**TASK TO CARRY OUT**
An exact copy of the lines of the listing below between the "2018 Honda Fit Sport" line and the "Sheikh Hamdan Fazza" line, both included, is the whole answer; please omit the pictures.

**DATASET RECORDS**
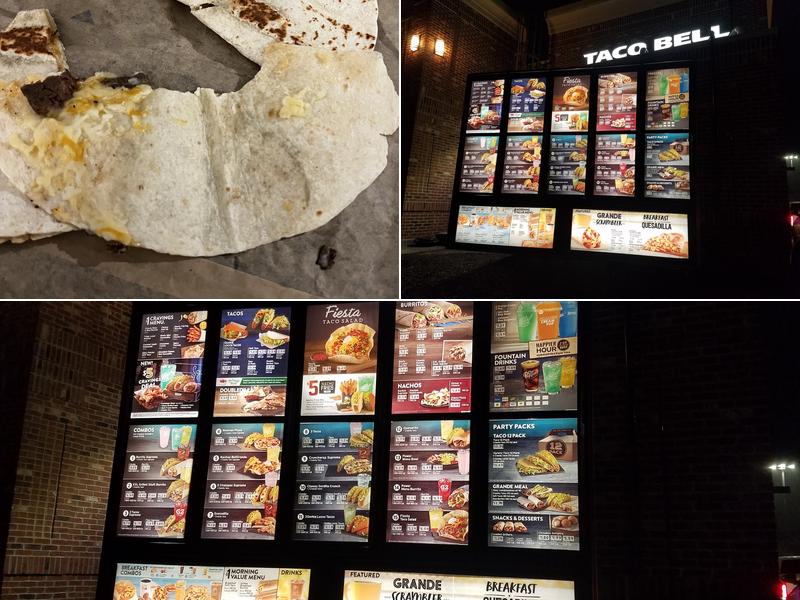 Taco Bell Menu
---
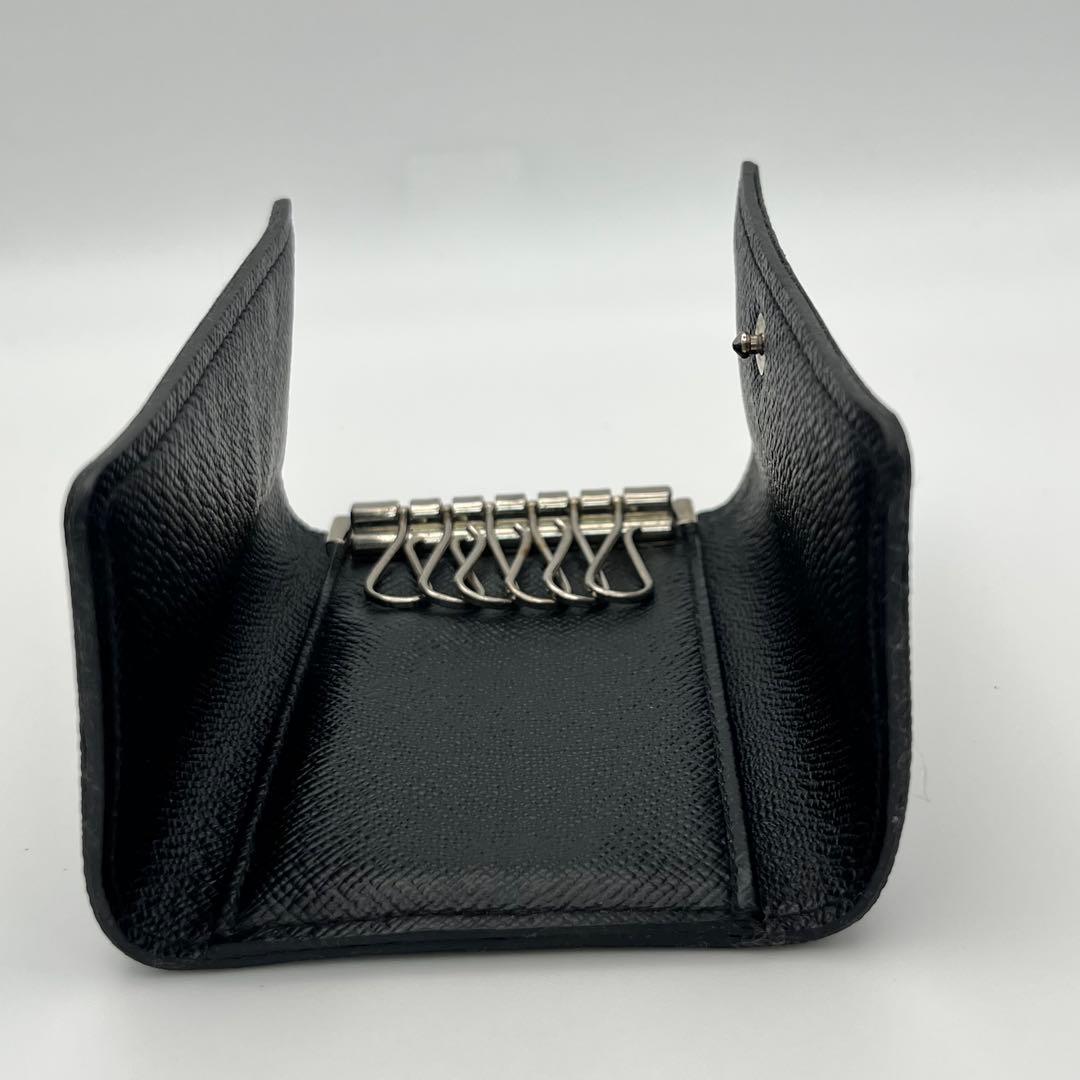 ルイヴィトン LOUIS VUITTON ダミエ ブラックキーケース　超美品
...
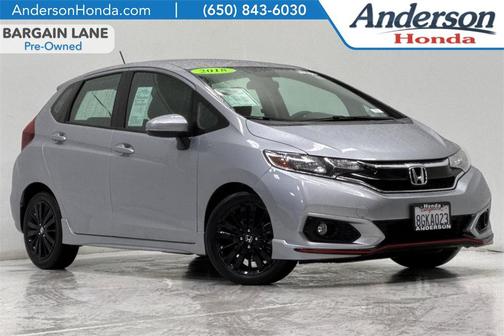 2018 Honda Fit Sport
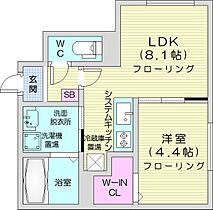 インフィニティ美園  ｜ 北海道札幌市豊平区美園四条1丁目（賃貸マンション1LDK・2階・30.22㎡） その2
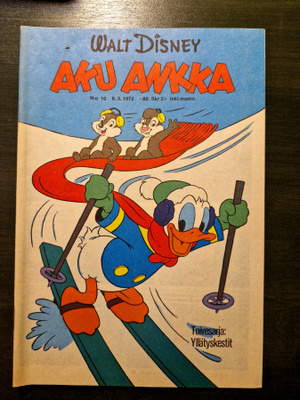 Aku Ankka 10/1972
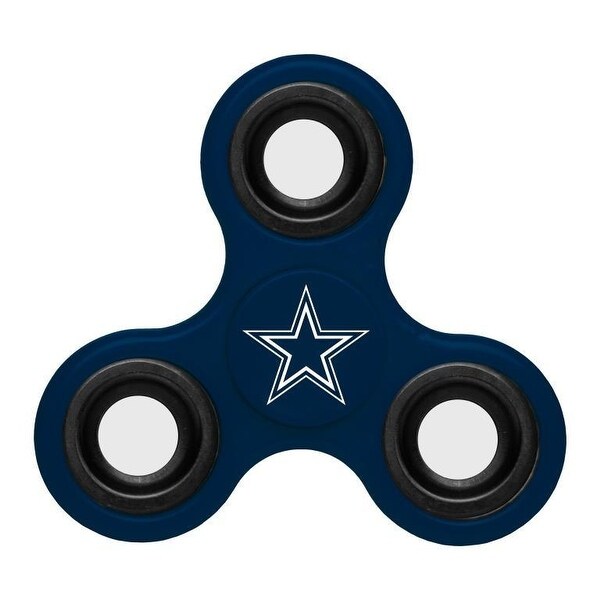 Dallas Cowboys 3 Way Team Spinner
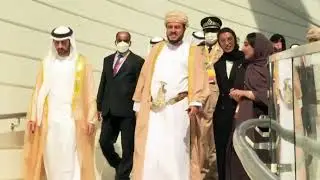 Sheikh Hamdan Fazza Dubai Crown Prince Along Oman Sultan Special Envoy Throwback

**ANSWER FOR THIS EXERCISE**
 2018 Honda Fit Sport
 インフィニティ美園  ｜ 北海道札幌市豊平区美園四条1丁目（賃貸マンション1LDK・2階・30.22㎡） その2
 Aku Ankka 10/1972
 Dallas Cowboys 3 Way Team Spinner
 Sheikh Hamdan Fazza Dubai Crown Prince Along Oman Sultan Special Envoy Throwback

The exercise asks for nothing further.